# Exercise
Please return each of the entries exactly, minus their pictures.

# Available records
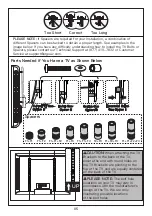 Предварительный просмотр 5 страницы ErgoAV ERMCM1-01 Instruction Manual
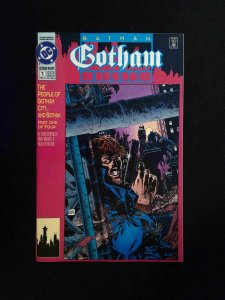 Batman Gotham Nights #1  DC Comics 1992 VF/NM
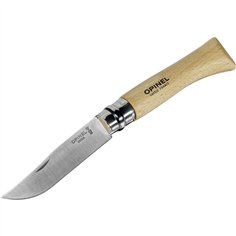 Opinel coltellino No. 10 con cavatappi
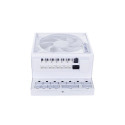 Lian Li EDGE GOLD 1200 80 PLUS Gold toiteplokk, PCIe 5.1, ATX 3.1 - 1.200 W, valge, koos USB-jaoturi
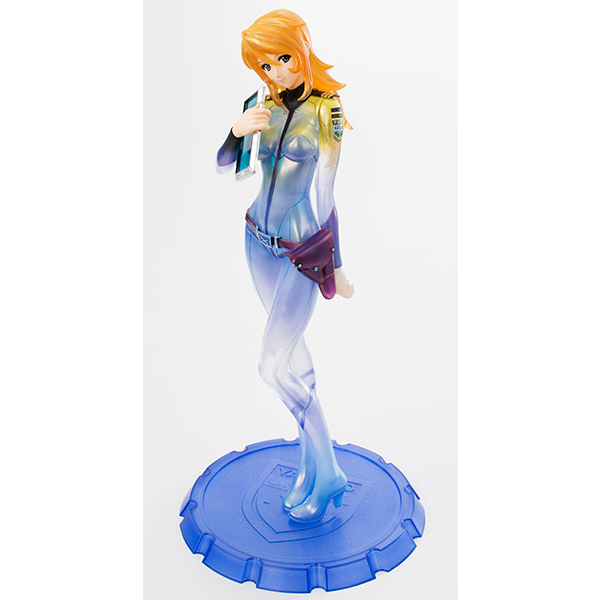 Yamato Girls Collection Star Blazers 2199 Yuki Mori（变色版）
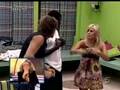 andalla y piero descubren a las gemelas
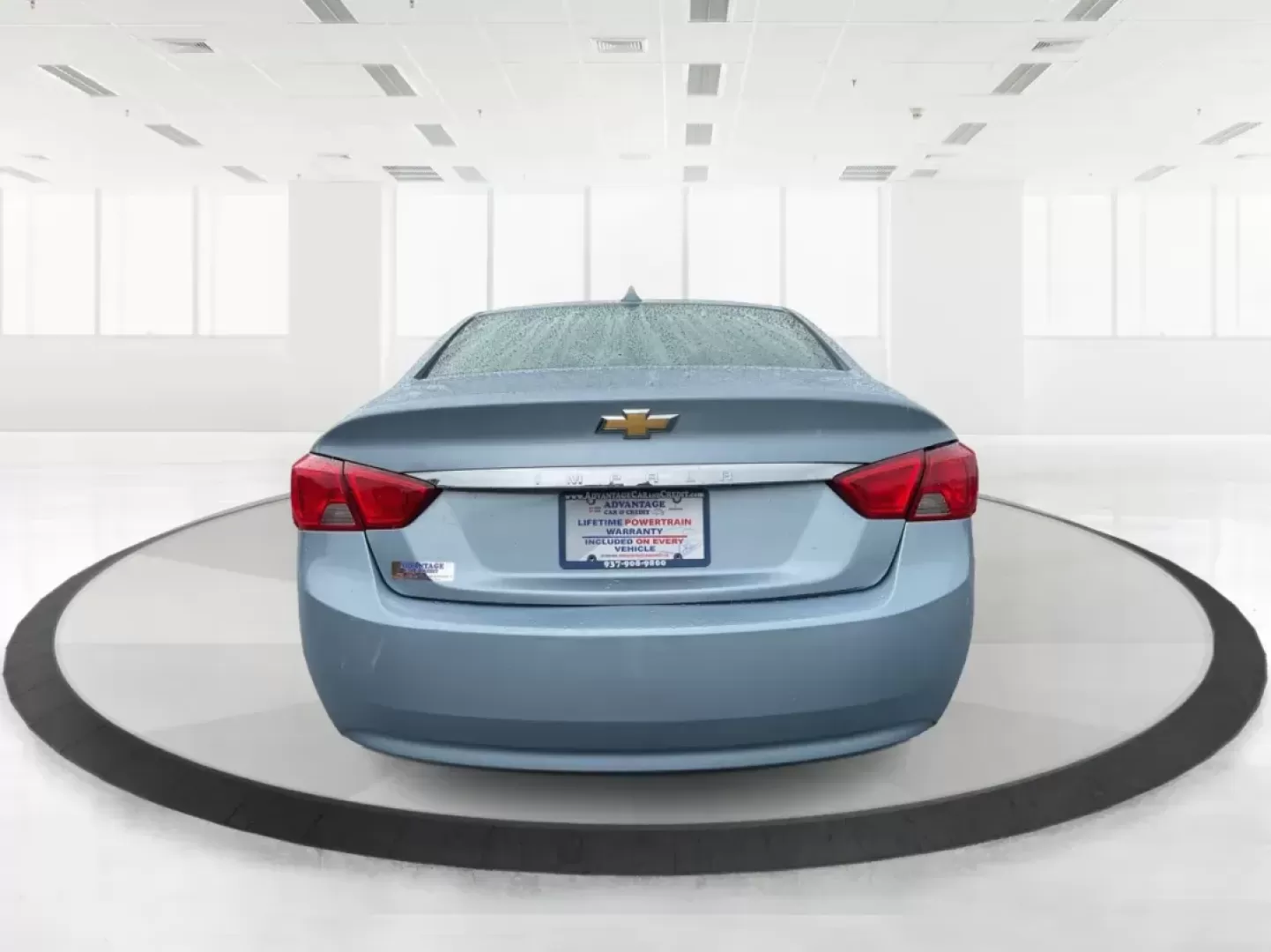 2014 Chevrolet Impala 1LS (1G11Y5SL3EU) with an ECOTEC 2.5L I-4 gasoline direct injection engine, located at 1951 S Dayton Lakeview Rd., New Carlisle, OH, 45344, (937) 908-9800, 39.890999, -84.050255 - Photo#3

# Answer for this exercise
 Предварительный просмотр 5 страницы ErgoAV ERMCM1-01 Instruction Manual
 Batman Gotham Nights #1  DC Comics 1992 VF/NM
 Opinel coltellino No. 10 con cavatappi
 Lian Li EDGE GOLD 1200 80 PLUS Gold toiteplokk, PCIe 5.1, ATX 3.1 - 1.200 W, valge, koos USB-jaoturi
 Yamato Girls Collection Star Blazers 2199 Yuki Mori（变色版）
 andalla y piero descubren a las gemelas
 2014 Chevrolet Impala 1LS (1G11Y5SL3EU) with an ECOTEC 2.5L I-4 gasoline direct injection engine, located at 1951 S Dayton Lakeview Rd., New Carlisle, OH, 45344, (937) 908-9800, 39.890999, -84.050255 - Photo#3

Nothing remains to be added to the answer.